Literature DB >> 26837760

G0S2 Suppresses Oncogenic Transformation by Repressing a MYC-Regulated Transcriptional Program.

Christina Y Yim1, David J Sekula2, Mary P Hever-Jardine1, Xi Liu2, Joshua M Warzecha1, Janice Tam1, Sarah J Freemantle1, Ethan Dmitrovsky3, Michael J Spinella4.   

Abstract

Methylation-mediated silencing of G0-G1 switch gene 2 (G0S2) has been detected in a variety of solid tumors, whereas G0S2 induction is associated with remissions in patients with acute promyelocytic leukemia, implying that G0S2 may possess tumor suppressor activity.

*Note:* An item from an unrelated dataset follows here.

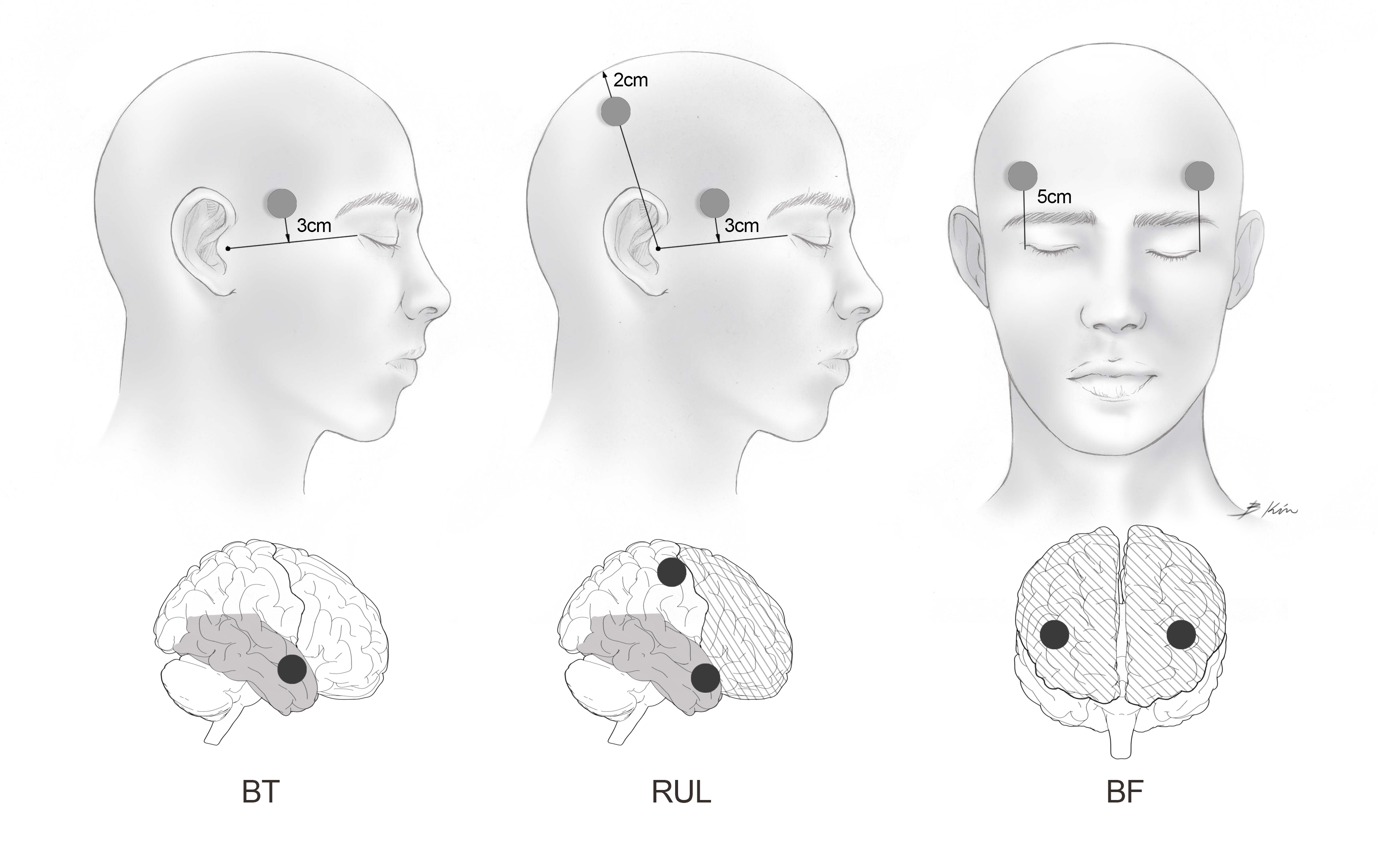 Three neurosurgery illustrations depicting various craniotomy sites and measurements to allow the surgeon to gain access to different parts of the brain based on surface anatomy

In this study, we clearly demonstrate that G0S2 opposes oncogene-induced transformation using G0s2-null immortalized mouse embryonic fibroblasts (MEF). G0s2-null MEFs were readily transformed with HRAS or EGFR treatment compared with wild-type MEFs. Importantly, restoration of G0S2 reversed HRAS-driven transformation. G0S2 is known to regulate fat metabolism by attenuating adipose triglyceride lipase (ATGL), but repression of oncogene-induced transformation by G0S2 was independent of ATGL inhibition. Gene expression analysis revealed an upregulation of gene signatures associated with transformation, proliferation, and MYC targets in G0s2-null MEFs. RNAi-mediated ablation and pharmacologic inhibition of MYC abrogated oncogene-induced transformation of G0s2-null MEFs. Furthermore, we found that G0S2 was highly expressed in normal breast tissues compared with malignant tissue. Intriguingly, high levels of G0S2 were also associated with a decrease in breast cancer recurrence rates, especially in estrogen receptor-positive subtypes, and overexpression of G0S2 repressed the proliferation of breast cancer cells in vitro. Taken together, these findings indicate that G0S2 functions as a tumor suppressor in part by opposing MYC activity, prompting further investigation of the mechanisms by which G0S2 silencing mediates MYC-induced oncogenesis in other malignancies. ©2016 American Association for Cancer Research.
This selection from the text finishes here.